Launched in April 2008, the Champimóvel (Champimobile) is a mobile and interactive experiment that takes children on a three-dimensional journey through the human body. It stimulates their imagination, introducing them to the most recent topics in modern medical science.
At the end of 2008, one of the Foundation’s most significant milestones was reached. In Lisbon, on October 5, the first stone was laid for the construction of the Champalimaud Centre for the Unknown – a state-of-the-art hub for research and clinical services.
With projects already ongoing in neuroscience, vision and education, the Foundation entered the year 2009 with the ambition of also initiating activities in oncology, the goal being to become one of the world’s major players in the field. In May 2009 the first Champalimaud Cancer Research Symposium contributed to this aim by hosting Nobel laureates and participants from all over the world.
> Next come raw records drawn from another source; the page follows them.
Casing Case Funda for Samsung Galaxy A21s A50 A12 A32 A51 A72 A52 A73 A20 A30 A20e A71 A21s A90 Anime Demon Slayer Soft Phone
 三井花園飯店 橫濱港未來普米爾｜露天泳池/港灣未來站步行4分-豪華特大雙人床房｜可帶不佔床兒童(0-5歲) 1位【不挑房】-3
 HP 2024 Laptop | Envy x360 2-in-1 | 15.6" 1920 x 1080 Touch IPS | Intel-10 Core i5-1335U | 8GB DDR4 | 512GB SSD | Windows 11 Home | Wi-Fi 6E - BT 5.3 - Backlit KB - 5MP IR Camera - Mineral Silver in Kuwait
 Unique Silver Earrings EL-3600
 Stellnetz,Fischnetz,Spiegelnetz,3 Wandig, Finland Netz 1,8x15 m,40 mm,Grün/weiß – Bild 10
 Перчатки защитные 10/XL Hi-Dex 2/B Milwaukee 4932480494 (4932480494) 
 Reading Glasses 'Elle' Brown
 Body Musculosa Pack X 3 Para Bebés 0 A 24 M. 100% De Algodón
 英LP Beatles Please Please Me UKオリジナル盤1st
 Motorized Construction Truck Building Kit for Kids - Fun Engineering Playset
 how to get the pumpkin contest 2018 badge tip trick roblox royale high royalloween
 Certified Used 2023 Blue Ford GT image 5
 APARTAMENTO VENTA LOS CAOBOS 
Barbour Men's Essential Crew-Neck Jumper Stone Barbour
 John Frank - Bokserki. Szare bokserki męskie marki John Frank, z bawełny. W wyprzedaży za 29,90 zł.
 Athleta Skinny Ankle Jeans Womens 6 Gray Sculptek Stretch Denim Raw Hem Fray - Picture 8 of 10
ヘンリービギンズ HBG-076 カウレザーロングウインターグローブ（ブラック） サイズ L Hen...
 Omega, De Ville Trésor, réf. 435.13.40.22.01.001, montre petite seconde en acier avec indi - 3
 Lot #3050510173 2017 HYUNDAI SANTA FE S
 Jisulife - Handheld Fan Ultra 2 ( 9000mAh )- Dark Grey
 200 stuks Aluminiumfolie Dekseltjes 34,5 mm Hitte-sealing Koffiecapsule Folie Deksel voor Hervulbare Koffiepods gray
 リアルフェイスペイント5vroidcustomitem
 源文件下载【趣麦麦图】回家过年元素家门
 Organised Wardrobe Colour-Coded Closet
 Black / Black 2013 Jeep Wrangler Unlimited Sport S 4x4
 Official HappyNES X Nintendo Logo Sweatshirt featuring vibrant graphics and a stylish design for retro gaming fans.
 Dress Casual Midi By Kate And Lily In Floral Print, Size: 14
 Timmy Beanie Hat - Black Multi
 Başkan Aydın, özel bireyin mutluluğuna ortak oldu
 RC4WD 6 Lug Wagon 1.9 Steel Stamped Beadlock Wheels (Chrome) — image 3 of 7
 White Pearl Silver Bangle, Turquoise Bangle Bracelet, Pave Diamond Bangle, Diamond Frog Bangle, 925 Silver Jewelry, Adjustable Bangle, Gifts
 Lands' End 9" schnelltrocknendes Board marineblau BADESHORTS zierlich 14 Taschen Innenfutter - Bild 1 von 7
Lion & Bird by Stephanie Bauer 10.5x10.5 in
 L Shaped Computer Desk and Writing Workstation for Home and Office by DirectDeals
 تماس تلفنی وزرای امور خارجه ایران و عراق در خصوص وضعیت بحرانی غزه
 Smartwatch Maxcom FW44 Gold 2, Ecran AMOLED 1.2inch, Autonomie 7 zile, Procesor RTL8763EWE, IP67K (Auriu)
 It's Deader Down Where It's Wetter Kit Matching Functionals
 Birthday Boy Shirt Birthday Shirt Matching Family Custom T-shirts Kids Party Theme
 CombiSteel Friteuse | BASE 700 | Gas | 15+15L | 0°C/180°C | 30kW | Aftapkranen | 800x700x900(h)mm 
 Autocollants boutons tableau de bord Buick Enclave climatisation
Following up on the success of the first symposium, the Foundation made its first direct investment in cancer research, through its Champalimaud Metastasis Programme.
In the early phases of this programme, the Champalimaud Foundation collaborated with various institutions to create and finance advanced research programmes.
The Story of the Foundation Begins in the Future
The future cannot come soon enough
In 2010 the Foundation started to build its facilities and its working environment in order to reflect its philosophy and ambition. Two years after construction began, the Champalimaud Centre for the Unknown (CCU) was officially inaugurated on the centenary of the Portuguese Republic and in the presence of the President of the Republic, several Nobel laureates, collaborators, friends and colleagues – all those who had supported and accompanied the Foundation’s journey through its early years.
A few months after the inauguration of the Champalimaud Centre for the Unknown, the Champalimaud Clinical Centre welcomed its first patients and began its mission to provide care of excellence in oncology and neuropsychiatry, anchored in programmes of translational research.
Today, the Champalimaud Centre for the Unknown has become a landmark, not only on the landscape of Lisbon’s riverside, but also on the map of international science. In 2012, The CCU was elected by the north-American magazine, “The Scientist”, as the best place, outside the US, for researchers to develop their post-doctoral work.
At the Clinical Centre, the radiotherapists are one of the few teams in the world who put into practice the most advanced forms of image-guided “single dose” radiotherapy, allowing patients to receive treatment in a single session of just few minutes.
The Champalimaud Foundation is also a leader in terms of innovative surgical solutions, particularly robotic surgery, laparoscopic and microscopic procedures, development of innovative projects that aim to solve the most pressing of today’s health problems. We do not know what the future has in store for us, but we honour the commitment to place the resources, the inspiration and the determination of the Founder at the service of the mission we adopted, and to do everything within our reach to improve the quality of life, health and well-being of humankind.